Muchas familias añoran el barrio de Triana, de donde salieron hace cuarenta años. La mayoría sueñan con volver algún día para que florezca de nuevo la flor del arte. Hace unos días vi en el segundo canal de la televisión andaluza un generoso y estupendo programa sobre los gitanos y su vinculación con Triana, el célebre arrabal de Sevilla, donde, en efecto, en otros tiempos hubo una gitanería importante que se esfumó cuando un plan urbanístico no muy afortunado obligó a muchas familias a repartirse por varios polígonos. Esto ocurrió con familias gitanas y con familias no gitanas, claro está, aunque nunca se diga. El guitarrista Ricardo Miño, que vivía en una casa de vecinos de Pagés del Corro, contó en una ocasión que un día le dijo a su madre: "Mamá, nos vamos a ir al Polígono de San Pablo, que esto está ya ruinoso". Y su madre, disgustada, le dijo: "A mí no me vayas a llevar a Córdoba". El Polígono de San Pablo está en la carretera de Madrid y ahora está dentro de Sevilla, cerca de lo que se ha dado en llamar el segundo centro. Pero en los años setenta, estaba muy lejos de Triana y a esta señora le parecía que estaba más cerca de Córdoba que de Triana.

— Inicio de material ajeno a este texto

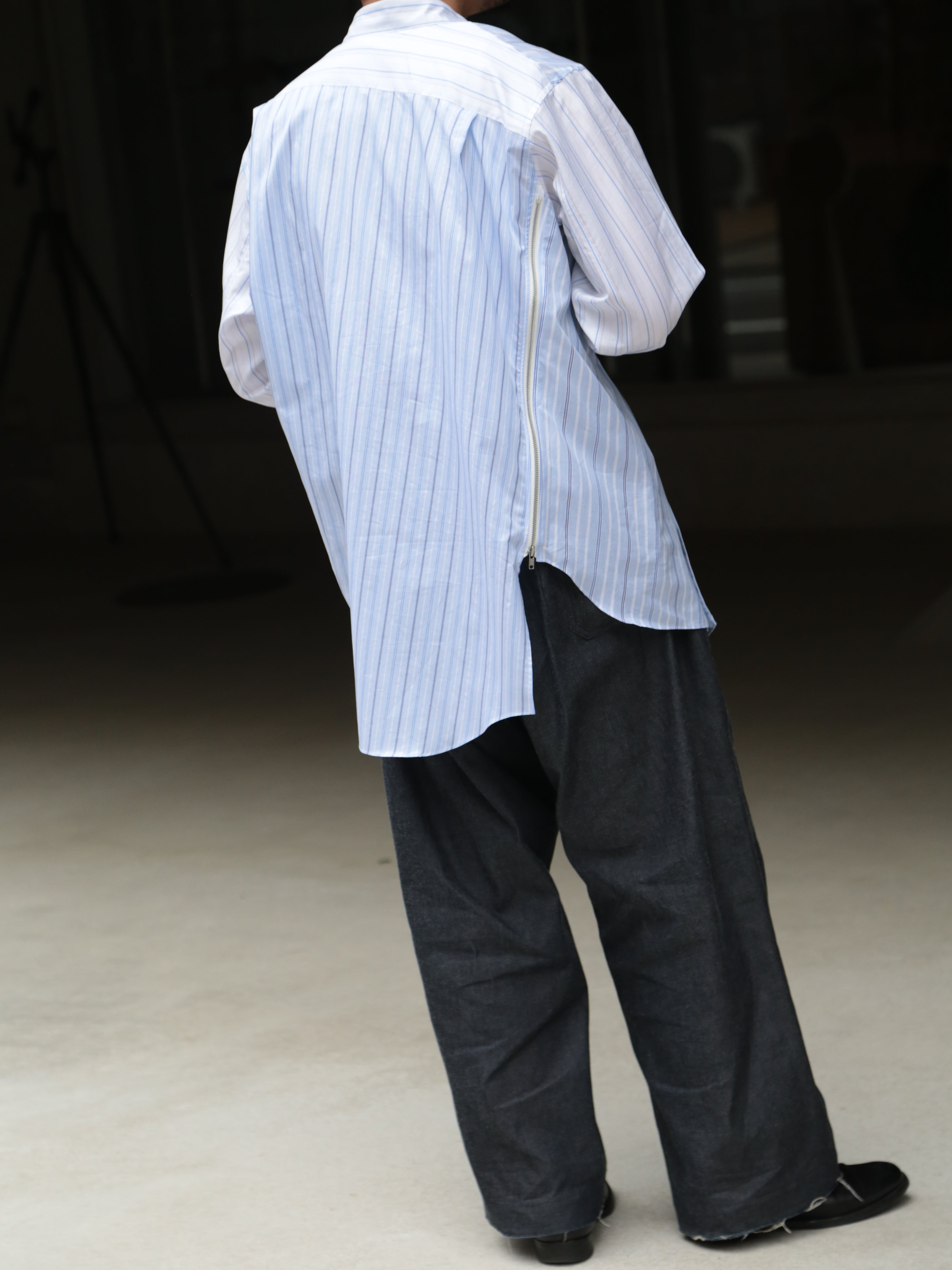 COMME des GARCONS SHIRT】stripe cotton poplin Zip Shirt – End on End.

Aquella operación alejó a muchas familias, y con ellas al flamenco. En Triana ya no cantan ni los pájaros, aunque todavía haya tabernas de sabor y algunas familias que han podido volver a afincarse en un barrio vendido a las clases pudientes. Es verdad que hay artistas gitanos que podrían volver a vivir en Triana y que han optado por un chalé en el Aljarafe, mucho más caro que una casa en Pagés del Corro.

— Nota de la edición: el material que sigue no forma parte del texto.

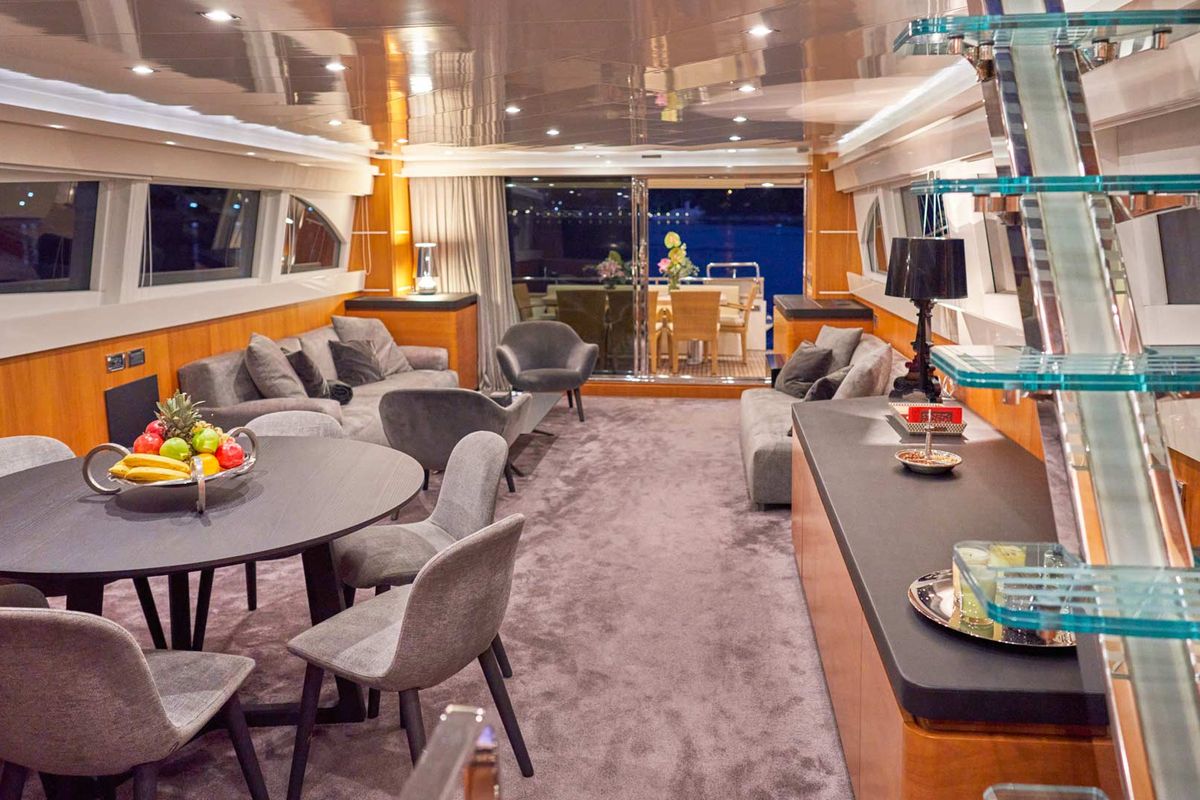 Salon of Karisma, a Canados 86 yacht at Općina Baška Voda, Croatia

Me gustó el programa porque en él se habló muy bien de la relación que hubo siempre entre gitanos y payos en Triana, salvo en determinados episodios históricos que, lógicamente, se produjeron por circunstancias que no tuvieron nada que ver con la buena convivecia. En lo referente al flamenco, es cierto que Triana fue una cantera de artistas importantes, aunque los más grandes no nacieran precisamente en ese barrio, donde no siempre fueron partidarios de profesionalizar el arte de lo jondo, aunque la necesidad obligara. Los que accedieron a comercializar el don tenían que cruzar el gran puente para cantar en los cafés de Silverio y El Burrero, los más famosos, aunque hubo otros muchos donde siempre había un buen cuadro de gitanos de la Cava. Me lastima esa nostalgia de los gitanos, de todos los trianeros en general -también viví en Triana y la echo de menos-, porque, como dijo uno de los invitados, las personas deberíamos morir donde hemos nacido, aunque hayamos recorrido el mundo y vivido en otros muchos lugares. Recuerdo con cariño las ganas de vivir que le entraban a El Pati, el gran bailaor trianero, cuando abandonaba su piso de Tomares y se iba a Triana a ver salir El Cachorro o a tomar una cerveza con su mujer y sus hijos. Sería bonito cerrar los bancos y las casas de lujo y recuperar todos los corrales de Triana para que volvieran todos los trianeros, gitanos y no gitanos. Seguramente volverían a nacer las flores del arte y el arrabal de Cagancho y Ramón el Ollero, de Rosalía y La Perla, recuperaría su esplendor.